創業163年の歴史を持つ若林平三郎商店の事業概要についてお聞かせいただけますか。

 若林平三郎商店は現在、運輸業と不動産賃貸管理業および飲食業を三本の柱として展開しています。

そのグループ会社として株式会社心囃子があり、こちらも私が社長を務めています。心囃子は、若林平三郎商店の飲食事業部の一部が独立した形で発足した会社で、これまではフランチャイズの居酒屋を複数店舗経営していました。

ただ、コロナ禍を経て居酒屋は全店OBOGたちに譲渡し独立してもらい、事業としては再スタートを切った状態です。 

 

御社の強みについてご教授いただきたいです。

 若林平三郎商店は創業163年の歴史があり、私で6代目になりますが、代ごとに新規事業を展開し続けてきたということが大きな特徴としてあります。

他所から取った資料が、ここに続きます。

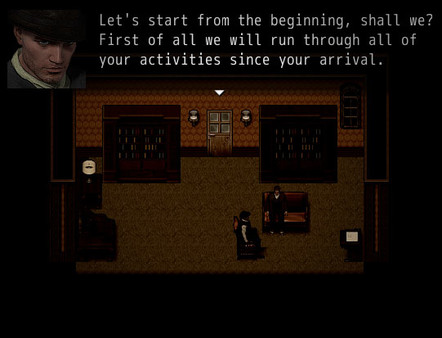 图片[2]|单机|274MB|恶果|The Deed|官方中文|Build.5006739|压缩包：251.90MB|GameStellaris | 游戏群星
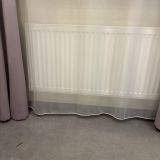 Marins Park Hotel Москва Пражская, фото гостя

 まず創業時は反物の販売から始まり、次代で醤油の醸造業に代わり、先々代では卸売業、そして先代の父が運輸、不動産業、飲食店などと、当主がその時代にマッチする、自身がチャレンジしたいと思っている事業を次々と展開してきました。

 それも、これまでの事業を否定しているわけではなく、むしろ先代の仕事をリスペクトしつつも、積極的な挑戦によって家業を柔軟に変化させてきたんです。

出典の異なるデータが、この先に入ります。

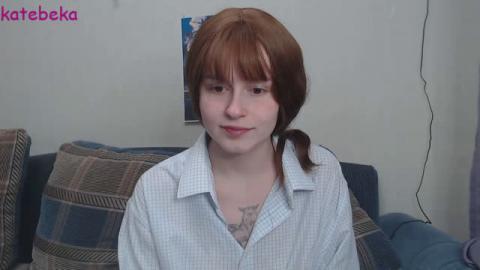 katebeka [2019-09-15 19:00:17]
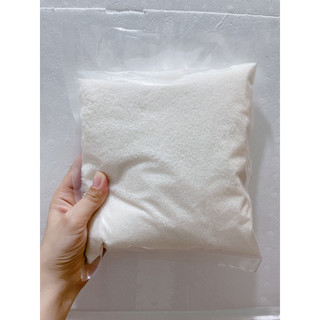 CƠM DỪA SẤY KHÔ 200gr - 500gram -1kg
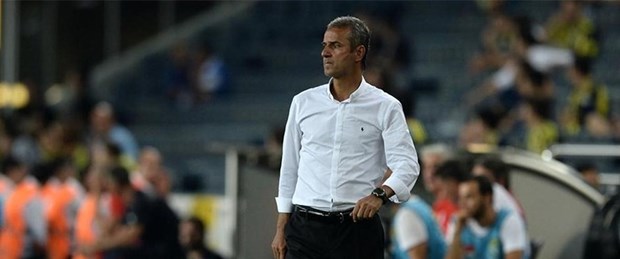 kartal.jpg
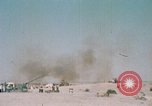 Standbild 57 mm Flak Vietnam, 1968, aus Sekunde 12 historischem Filmmaterial Videoclip 65675042707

このような代々続いてきた風土・マインドが、当社の大きな強みだと考えております。 

前職の金融機関やアート事業を経て、家業に入られたきっかけをお聞かせいただきたいです。 

 私の経歴としては、大学卒業後に生命保険会社に就職し、その後転職しマーケティングリサーチなどの経験を経て、結婚をきっかけに岡山に帰ってきたという流れになります。

 幼少期から家業に戻ること自体はずっと決めていたのですが、20代のうちはまだまだ東京で仕事に打ち込みたい気持ちとのせめぎ合いがありました。

そんなときに夫と出会い、家業を手伝うと言ってくれたことが決め手となって、結婚と同時に2人で岡山に移住したんです。 

幼少期から家業に戻ることを決められていた理由をお伺いしたいです。

 私が幼少期の頃は、まだ祖父母が社長と専務、父が常務として会社を回していたのですが、その祖母が私にとってすごくかっこよかったんです。

 当時はまだ女性がメインで活躍する形は珍しかった時代ですが、私が会社に行くと、いつでも祖母が楽しそうに仕事をしていて、ビジネスが好きなんだという話をずっと聞かせてくれました。

 それが原体験となって、私も祖母や祖父、父のように会社を動かしていきたい、という気持ちをずっと持っていたんですね。 

学生時代から家業を継ぐことを意識しながら、金融機関に就職されたのでしょうか?

 そうですね、経歴に関しては戦略的に考えてきた部分があります。

 後継ぎとして家業に帰ってきたとしても、社員の方々や周囲から認められるとは限りませんし、そこで軋轢が生じる事例は多くあります。

 なのでそうした人たちに納得してもらうためにはどうすればよいかと考えたとき、やはり有名大学で経営学を学んだという箔は有用だと思い、そのために中高時代から努力はしてきました。

 生命保険会社に入社したのも、いろんな事業をしている家業においても必ず必要となるのは「物を売る力」だろうと考え、営業の能力を身に付けることを目標としていたんです。

先月、6代目代表に就任されましたが、その際のお気持ちや感想をお聞かせください。

 思っていたよりも環境の変化が大きいな、というのが率直な気持ちです。

 これまでもある程度は父から事業を任せてもらっていましたし、肩書きの違いがあるだけで、何か大きく変わるわけではないと思っていたんです。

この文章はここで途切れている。